Confirming One’s Calling and Election

2 Peter 1:5-7 5 For this very reason, make every effort to add to your faith goodness; and to goodness, knowledge; 6 and to knowledge, self-control; and to self-control, perseverance; and to perseverance, godliness; 7 and to godliness, mutual affection; and to mutual affection, love. 8 For if you possess these qualities in increasing measure, they will keep you from being ineffective and unproductive in your knowledge of our Lord Jesus Christ.

Friday, October 15, 2010

Job 20, Bible reading and Daily Devotions

Max Lucado Daily: True Humility


True Humility

The payoff for meekness and Fear-of-God is plenty and honor and a satisfying life. Proverbs 22:4, The Message

True humility is not thinking lowly of yourself but thinking accurately of yourself. The humble heart does not say, “I can’t do anything.” But rather, “I can’t do everything.”

I know my part and am happy to do it!

Job 20
Zophar
1 Then Zophar the Naamathite replied:
2 "My troubled thoughts prompt me to answer
because I am greatly disturbed.

3 I hear a rebuke that dishonors me,
and my understanding inspires me to reply.

4 "Surely you know how it has been from of old,
ever since man [a] was placed on the earth,

5 that the mirth of the wicked is brief,
the joy of the godless lasts but a moment.

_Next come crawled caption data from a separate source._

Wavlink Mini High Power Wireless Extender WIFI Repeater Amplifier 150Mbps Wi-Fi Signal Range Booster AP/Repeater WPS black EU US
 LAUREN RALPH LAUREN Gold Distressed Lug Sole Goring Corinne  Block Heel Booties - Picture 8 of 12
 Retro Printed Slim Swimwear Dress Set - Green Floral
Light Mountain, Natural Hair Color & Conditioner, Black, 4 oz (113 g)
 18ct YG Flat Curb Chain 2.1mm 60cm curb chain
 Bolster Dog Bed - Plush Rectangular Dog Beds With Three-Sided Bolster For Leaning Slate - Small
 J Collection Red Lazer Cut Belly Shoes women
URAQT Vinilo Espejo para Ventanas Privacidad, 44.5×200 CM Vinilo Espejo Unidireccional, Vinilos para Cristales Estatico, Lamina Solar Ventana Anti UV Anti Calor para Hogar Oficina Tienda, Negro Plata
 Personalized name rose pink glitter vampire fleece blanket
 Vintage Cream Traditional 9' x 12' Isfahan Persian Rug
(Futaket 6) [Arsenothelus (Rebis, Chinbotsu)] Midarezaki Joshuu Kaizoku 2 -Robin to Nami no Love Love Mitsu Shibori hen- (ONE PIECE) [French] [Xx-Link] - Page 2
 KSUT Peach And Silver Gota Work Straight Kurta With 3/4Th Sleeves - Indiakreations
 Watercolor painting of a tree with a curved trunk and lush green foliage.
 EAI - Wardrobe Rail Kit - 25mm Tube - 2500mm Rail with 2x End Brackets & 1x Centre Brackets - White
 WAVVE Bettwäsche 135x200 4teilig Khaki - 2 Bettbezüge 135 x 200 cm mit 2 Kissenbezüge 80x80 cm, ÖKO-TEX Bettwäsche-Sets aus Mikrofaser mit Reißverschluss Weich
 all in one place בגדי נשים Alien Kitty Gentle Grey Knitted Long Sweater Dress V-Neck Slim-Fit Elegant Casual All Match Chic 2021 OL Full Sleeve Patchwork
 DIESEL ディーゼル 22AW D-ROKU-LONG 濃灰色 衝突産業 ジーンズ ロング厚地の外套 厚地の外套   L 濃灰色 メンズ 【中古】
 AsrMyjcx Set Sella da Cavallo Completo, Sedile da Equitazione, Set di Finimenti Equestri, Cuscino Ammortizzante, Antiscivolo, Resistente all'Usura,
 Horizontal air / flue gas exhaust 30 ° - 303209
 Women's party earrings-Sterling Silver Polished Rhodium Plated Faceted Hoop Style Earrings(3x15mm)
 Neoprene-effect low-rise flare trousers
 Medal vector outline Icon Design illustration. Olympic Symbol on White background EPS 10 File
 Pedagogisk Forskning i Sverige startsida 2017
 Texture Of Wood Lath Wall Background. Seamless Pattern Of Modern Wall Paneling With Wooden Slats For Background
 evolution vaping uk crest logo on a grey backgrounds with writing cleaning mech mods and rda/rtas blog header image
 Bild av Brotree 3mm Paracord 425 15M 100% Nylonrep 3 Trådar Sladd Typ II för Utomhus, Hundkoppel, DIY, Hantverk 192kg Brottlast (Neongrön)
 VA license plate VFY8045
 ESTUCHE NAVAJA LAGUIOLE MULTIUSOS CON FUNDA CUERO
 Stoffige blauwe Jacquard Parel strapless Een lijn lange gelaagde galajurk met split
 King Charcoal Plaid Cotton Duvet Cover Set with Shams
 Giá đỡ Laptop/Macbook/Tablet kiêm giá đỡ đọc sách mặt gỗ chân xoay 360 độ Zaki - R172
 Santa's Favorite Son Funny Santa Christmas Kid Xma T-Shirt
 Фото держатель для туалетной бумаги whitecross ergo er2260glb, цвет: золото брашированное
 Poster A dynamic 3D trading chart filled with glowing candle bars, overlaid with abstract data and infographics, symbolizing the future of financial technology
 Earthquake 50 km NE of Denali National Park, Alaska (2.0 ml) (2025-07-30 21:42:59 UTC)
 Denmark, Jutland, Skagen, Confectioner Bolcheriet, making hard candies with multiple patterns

6 Though his pride reaches to the heavens
and his head touches the clouds,

7 he will perish forever, like his own dung;
those who have seen him will say, 'Where is he?'

8 Like a dream he flies away, no more to be found,
banished like a vision of the night.

9 The eye that saw him will not see him again;
his place will look on him no more.

10 His children must make amends to the poor;
his own hands must give back his wealth.

11 The youthful vigor that fills his bones
will lie with him in the dust.

12 "Though evil is sweet in his mouth
and he hides it under his tongue,

13 though he cannot bear to let it go
and keeps it in his mouth,

14 yet his food will turn sour in his stomach;
it will become the venom of serpents within him.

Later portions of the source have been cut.